I think your idea is better, Doug :)

"word separator character" should be invisible, you're right.

thanks,
art




Re: ISO 8859-11 (Thai) cross-mapping table

2002-10-07 Thread Arthit Suriyawongkul

>>>You can get Unicode-format mapping tables for TIS 620 and many other
>>>encodings at http://crl.nmsu.edu/~mleisher/csets.html
>>
>>Thanks. Looking at that, it appears the mapping is imperfect. There
>>are about 10 characters in TIS-620 that are mapped to the Unicode
>>replacement character. This is from 1998 though.

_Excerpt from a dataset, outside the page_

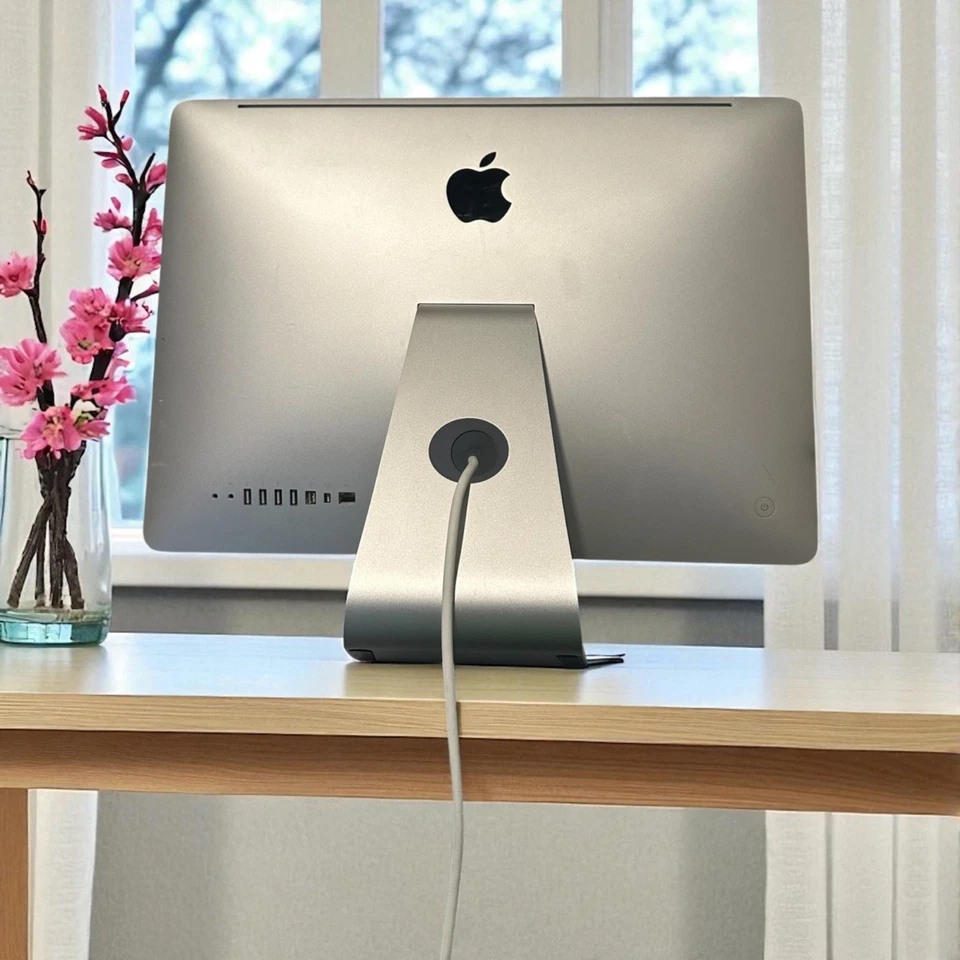  Apple Cinema Display Widescreen 22” Monitor Excellent Display - Image 3 of 4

Has Unicode's Thai
>>support improved any in later versions?
> 
> These 9 code positions (0xA0, 0xDB..0xDE, 0xFC..0xFF) appear to be
> undefined in TIS 620.2533.  Reference [3] below does show a "word
> separator character" at 0xDC, which I interpret as U+200B ZERO WIDTH
> SPACE, but the other positions are still undefined.  So this may not be

does it mean 0xA0 / U+00A0 ?

regards,
Art





Re: ISO 8859-11 (Thai) cross-mapping table

2002-10-06 Thread Arthit Suriyawongkul

Dear Elliotte,

ISO-8859-11 has been finished for almost year :)

for refs:
ISO-8859-11 8-bit single-byte coded graphic character sets -- Part 11: 
Latin/Thai alphabet
http://www.iso.ch/iso/en/CatalogueDetailPage.CatalogueDetail?CSNUMBER=28263&ICS1=35&ICS2=40&ICS3=

or see its draft at
http://www.nectec.or.th/it-standards/iso8859-11/


ISO-8859-11 = TIS-620 + { NBSP }

NBSP = Non-Breaking Space (0xA0 / U+00A0)

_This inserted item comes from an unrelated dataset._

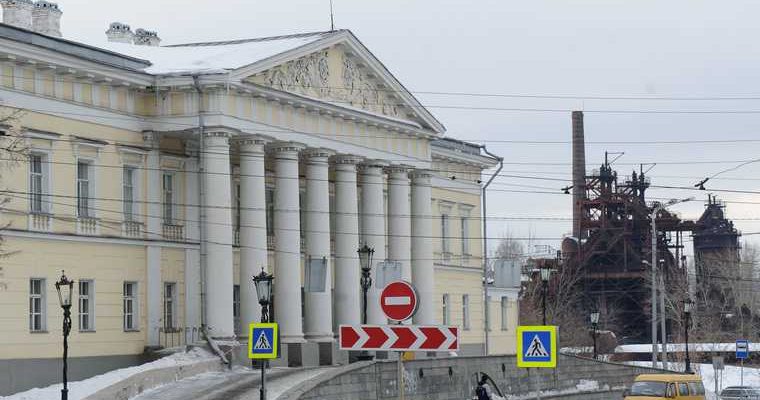 мост городской пруд Нижний Тагил Владислав Пинаев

from http://crl.nmsu.edu/~mleisher/csets.html those "REPLACEMENT CHARACTER".
imho, they should be replace with "UNDEFINED",

since in other unicode mapping of CP874 (another Thai encoding,
which is almost the same as Windows-874, the TIS-620 varaints)
http://www.unicode.org/Public/MAPPINGS/VENDORS/MICSFT/WINDOWS/CP874.TXT
they also use "UNDEFINED".


you may interesting in some comments from
http://bugzilla.mozilla.org/show_bug.cgi?id=127755

:)

regards,
Art


Elliotte Rusty Harold wrote:
> The Unicode data files at 
> http://www.unicode.org/Public/MAPPINGS/ISO8859/ do not include a mapping 
> for ISO-8859-11, Thai. Is there any particular reason for this? Is 
> ISO-8859-11 unfinished or deprecated or unable to be mapped to Unicode 
> or some such? If none of these things are true, is there a mapping chart 
> for this set somewhere?
> 
> I'm working on adding output support for the ISO sets to XOM 
> (http://www.cafeconleche.org/XOM/) and need the mapping tables to figure 
> out which characters need to be esacped in which character sets.
> 
> -- 
> Elliotte Harold
> 







TIM - A Table-base Input Method Module

2002-07-22 Thread Arthit Suriyawongkul

anybody here interesting in this Table-based Input Method ?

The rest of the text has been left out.